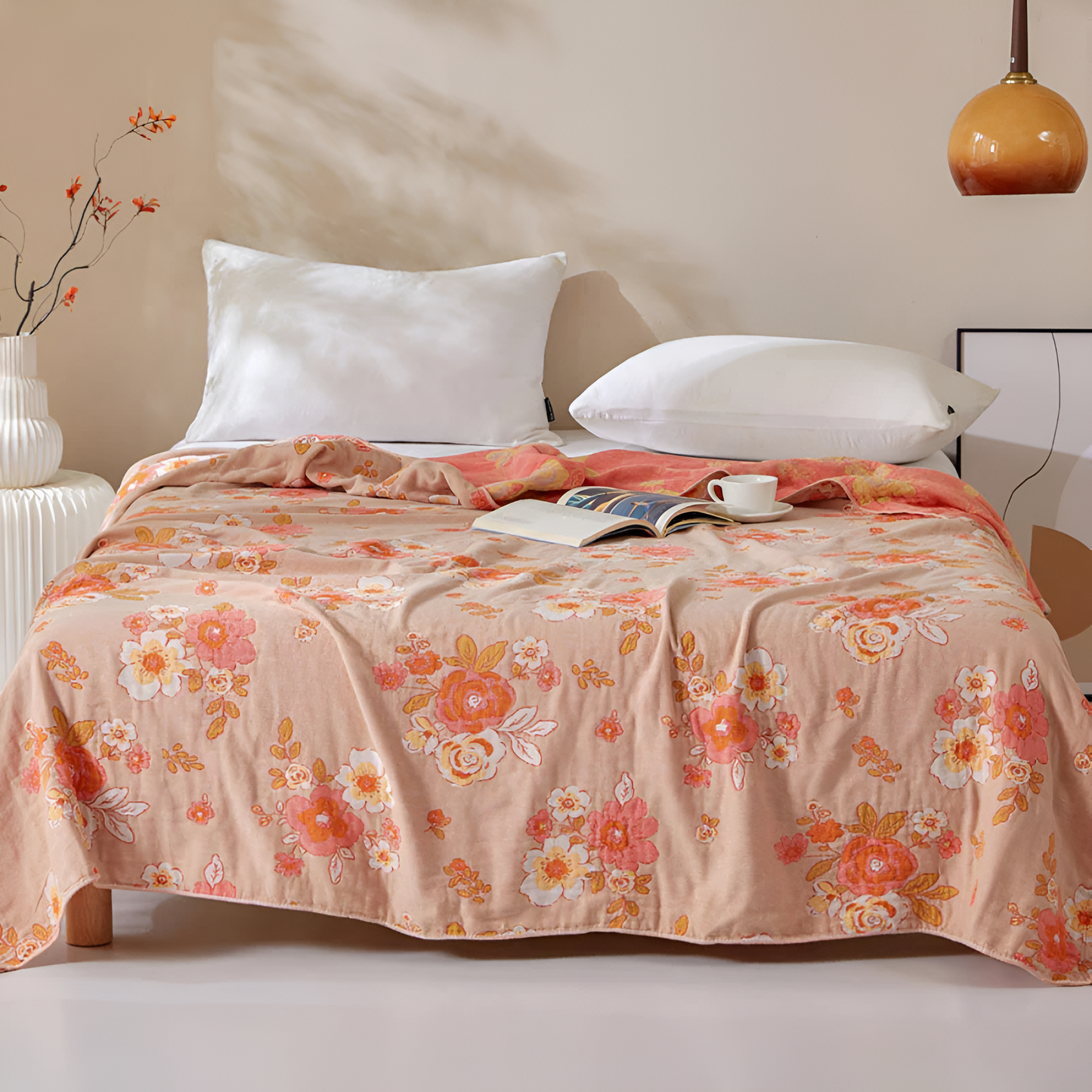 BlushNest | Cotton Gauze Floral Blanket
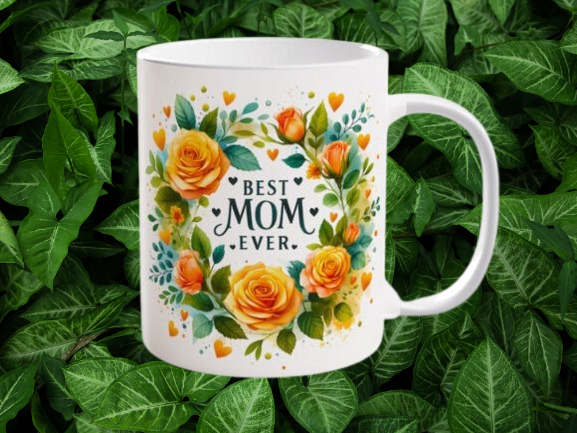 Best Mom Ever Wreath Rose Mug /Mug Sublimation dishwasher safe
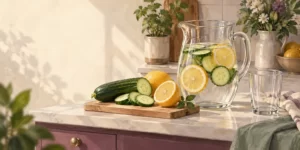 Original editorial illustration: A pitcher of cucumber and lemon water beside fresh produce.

------------------------------

Aim of the task:
With the pictures removed, output the listing above exactly.

Solution to this exercise:
 BlushNest | Cotton Gauze Floral Blanket
 Best Mom Ever Wreath Rose Mug /Mug Sublimation dishwasher safe
 Original editorial illustration: A pitcher of cucumber and lemon water beside fresh produce.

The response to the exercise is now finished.